Come si evince leggendo con attenzione l’inchiesta sui Fratelli musulmani in Italia, ho provato a fotografare un processo che si ritiene in corso, con la conferma di una pluralità di fonti, senza sottovalutarne la portata né le conseguenze, ma senza per questo criminalizzare l’islam italiano e neppure la Fratellanza islamica. Non per niente a parlare nell’articolo sono anche gli stessi imam e responsabili di comunità, come Yahya Pallavicini, che dall’interno del mondo musulmano confermano e mettono in guardia dall’espansione dei Fratelli. Non solo. Come chiarisce bene nell’articolo Massimo Campanini, docente di Storia dei paesi islamici a Trento, la Fratellanza “non implica un elemento intrinseco di estremismo e la loro espansione non ha nulla a che vedere con rischi terroristici”. Insomma il contrario dell’informazione urlata di cui voi parlate.

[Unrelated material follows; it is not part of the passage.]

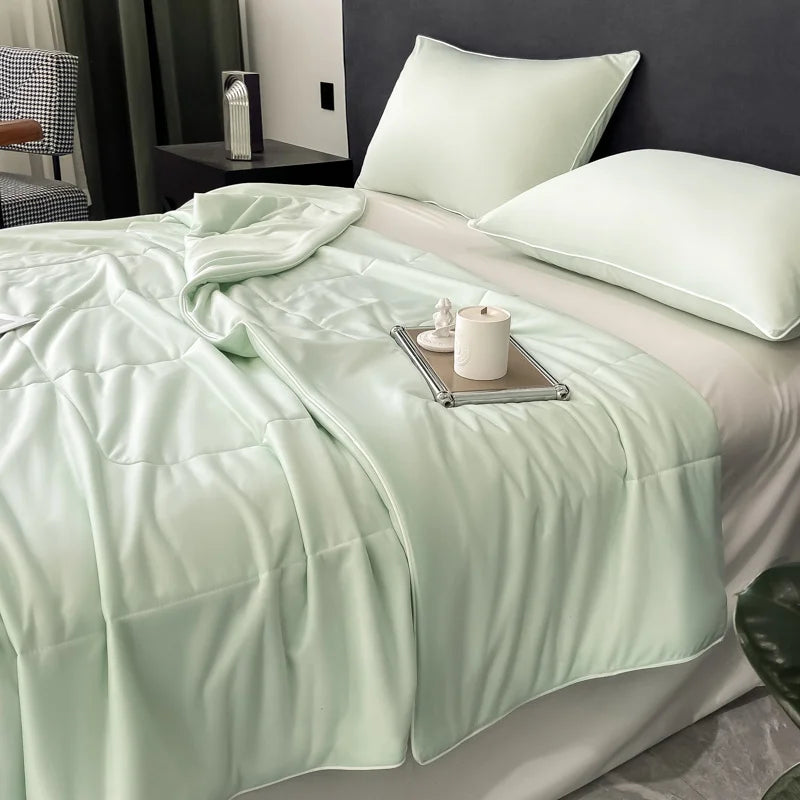 A light mint green reversible cooling quilt is displayed on a bed with white pillows and a dark gray wall.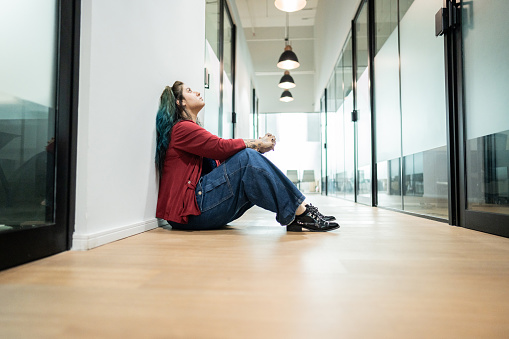 Worried businesswoman sitting on ground at office corridor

Chiamare in causa la Carta di Roma, che conosco molto bene e i cui valori ho rispettato nei miei pezzi ben prima che venisse approvata (mi occupo da più di dieci anni del mondo migrante e da anni non uso parole come per esempio “clandestino”, avendo aderito all’appello dei “Giornalisti contro il razzismo”) lo ritengo strumentale e fuori luogo nella critica all’inchiesta in questione.
Quanto a quello che scrivete, accusando il mio lavoro di “un’argomentazione zoppicante, lacunosa, non priva di fallacie retoriche”, è un vostro giudizio, non avvalorato da fatti, ma che lascio comunque alla vostra libertà di opinione.
Un’ultima notazione: non sono un “opinionista” come voi scrivete, ma solo un cronista, come si desume dall’inchiesta.